Biraz iskelede oyalanıp fotoğraf çekiyoruz. Bu arada Erdem bana çaktırmadan bir kaç fotoğrafımı çekiyor.

Yurdumdan Manzaralar
İskele güzeli
Israr üzerine ben de poz veriyorum
Allahü Ekber
Ver bakayım sen şu kamerayı

Kalabalık olmadan bisikletleri turnikeden geçiriyoruz. Derken vapurumuz geliyor. Adı Büyükada. Bisikletleri bindirirken önüme bir bebek arabası arkama da bir el arabası düşüyor. Ben bebek arabasının geçmesini beklerken arkadan el arabası beni sıkıştırıyor. Dönüp arkamı bakıyorum, adamın biri ben şuradan geçeyim diyor. Kısık sesle “bayana acele ettirmek istemiyorum, önümdeki araba geçsin geçeceğim” diyorum ama gözlerim başka şeyler söylüyor tabi. O da hatasını anladı sanırım. Bazen millet olarak çok gereksiz durumlarda acele ediyoruz.

Vapurumuzun adı da Büyükada

Bu sefer vapurumuz doğruca Bostancı’ya gidecekti. Halatlar çözülüp yola koyulduk. Ada arkamızda küçülmeye başlamıştı. Dragos Tepesi’ne doğru yol alıyorduk. Dragos’un karşısına gelince sahile paralel yol almaya başladık.
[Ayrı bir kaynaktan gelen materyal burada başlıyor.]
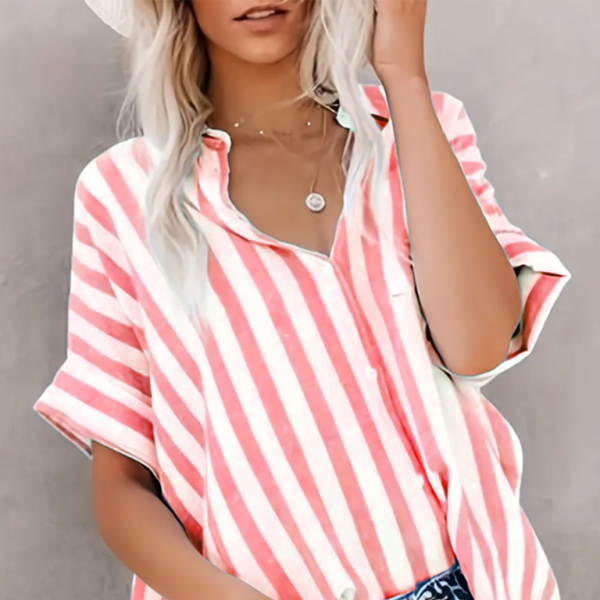 β¨ Chic Striped Cardigan Shirt β Trendy Short Sleeve Blouse for Any Season β¨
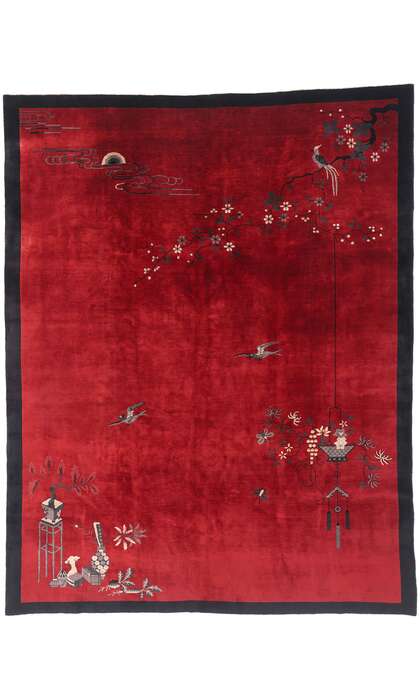 9 x 11 Vintage Red Chinese Art Deco Rug 79213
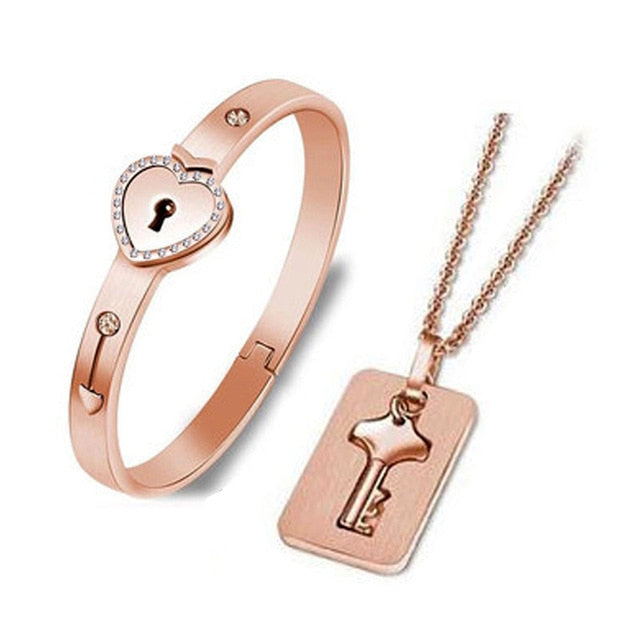 Stainless Steel Love Heart Lock Bangle Bracelet - Okeihouse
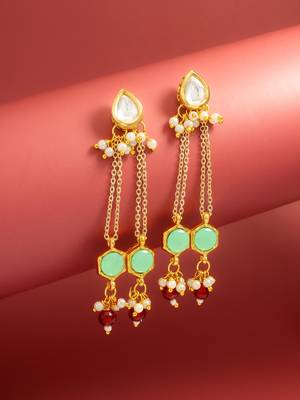 party wear kundan green hexagon stone chain tassel drop earrings 1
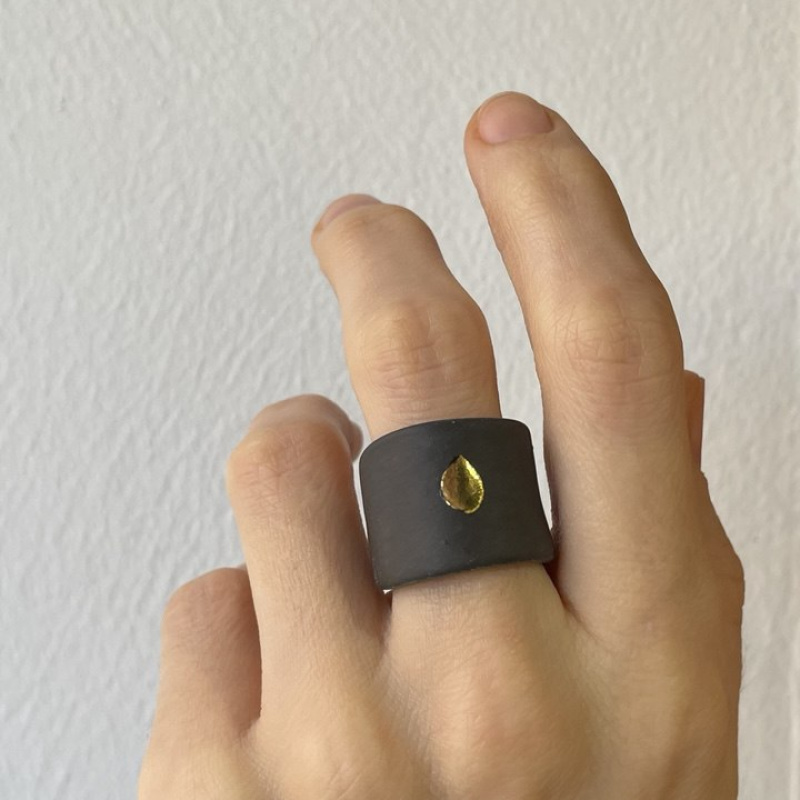 Кольцо Чёрная капля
Maltepe, İdealtepe derken Bostancı’ya ulaştık. Mehmet’e de el salladık ama evde değildi sanırım. Liman girişinde dizi dizi deniz otobüsleri adeta bizi selamlıyordu.

Büyükada
Dragos
El salla Mehmet, el salla..
Deniz Otobüsleri, Bostancı

Vapurdan indikten sonra Erdem ile vedalaşıp Erenköy’e doğru pedal basmaya başladım. Suadiye açıklarında irili ufaklı bir sürü yelkenli gördüm. Bu yaz yapmak isteğim şeylerden biri de yelken. Yelken olmaz, rüzgar sörfü olur ama denizle ilgili bir şeyler öğrenmek istiyorum.

Erenköy’de de kürekçilere rastladım. Kürek de güzel ama rüzgar sizi taşıyabilecekken niye bünyeyi yoralım. Zaten bünyeyi yoran sporlar yapıyoruz.

Yelkenliler
Kürekçiler

Marmara Yelken’in yanından yukarı çıktım. Ethem Efendiyi’de aşıp eve geldim. Tatlı bir yorgunluk çöktü üzerime. Açık hava hafif sarhoş etmiş beni. Eve girince anladım. İki, üç saatliğine de olsa büyük şehir ortamından uzaklaşmış olmanın mutluluğuyla kendimi duşa attım.